Das Geheimnis der Weißwurst
Wie in Bayern die Traditions-Wurst hergestellt wird und wer ihr Konkurrenz macht
Landkreis Weißwürste schmecken am besten frisch aus dem Kessel. Dazu gehört für den Unterthürheimer Metzgermeister Helmut Braun noch süßer Senf, und zwar der von Händlmaier. „Wenn man nicht den richtigen drauf hat, dann schmecken die nicht“, betont der 49-Jährige.

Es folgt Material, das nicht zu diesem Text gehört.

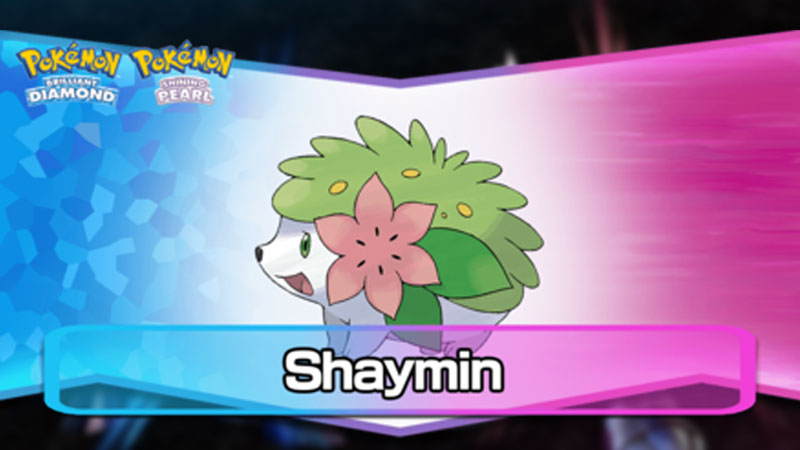 Pokemon BDSP Shaymin Glitch: Brilliant Diamond Shining Pearl Surf Bug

Nadja Griener von der gleichnamigen Metzgerei in Lauingen ist der gleichen Meinung. Warum es gerade dieser Senf sein muss, begründet sie mit dem darin enthaltenen Meerrettich, der den süßscharfen Geschmack ausmacht. Bei der Frage, ob eine Wurst nicht auch ohne Senf schmecken sollte, stimmt ihr Mann Leonhard Griener durchaus zu, ergänzt jedoch: „Der süße Senf unterstreicht den guten Geschmack.“
Obwohl es ein Standardrezept für Weißwürste gibt, das in den Statuten des Fleischereiverbands festgeschrieben ist, hat jeder Metzger sein Geheimnis, sein traditionelles Rezept. Schweinefleisch, Kalbfleisch und Speck sowie Eis, damit die Masse emulgiert, kommen in den Schneidmischer, wo sich die Messer bis zu 5000-mal in der Minute drehen. „Bei sechs Messern sind das 30000 Schnitte in der Minute. Da muss das Eis zur Kühlung rein, sonst wird das Brät warm“, erklärt der Metzgermeister. Das ist bei jeder Brühwurst so, führt Griener weiter aus. Dadurch wird das Brät homogen und locker. Bei Weißwürsten wird Kochsalz zugegeben, im Gegensatz zur Rauchwurst, in die Pökelsalz kommt, wodurch das Brät rosafarben schimmert. Dann kommen die Gewürze: Pfeffer, Macis – der auch Muskatblüte genannte Samenmantel der Frucht des Muskatnussbaums – Ingwer, Koriander, Kardamom sowie Zitrone. Und dann, kurz bevor das Wurstbrät fertig ist und in die Schweinedärme gefüllt wird, gibt der Metzger die Petersilie rein. Was genau sein Geheimnis ist, verrät Metzgermeister Griener natürlich nicht, nur allgemein: „Der eine macht mehr Zitrone rein, mehr Petersilie oder mehr Eis.“
Schon in der Früh um halb sechs sind die Weißwürste bei ihm fertig. Ob da tatsächlich schon jemand Lust hat? Griener denkt an die Zeit, wo es in Lauingen noch mehrere Wirtschaften gab, die zur Faschingszeit nach den Faschingsbällen Weißwurstessen angeboten haben. Das gibt es heute nicht mehr, dafür eine neue Tradition in der Markthalle Unterthürheim: Drei Weißwürste frisch aus dem Kessel mit zwei Brezen landen dort donnerstags auf den Tellern, erzählt Metzgermeister Braun. Den Termin wissen die Mitarbeiter der Firmen in der Umgebung und auch viele Rentner.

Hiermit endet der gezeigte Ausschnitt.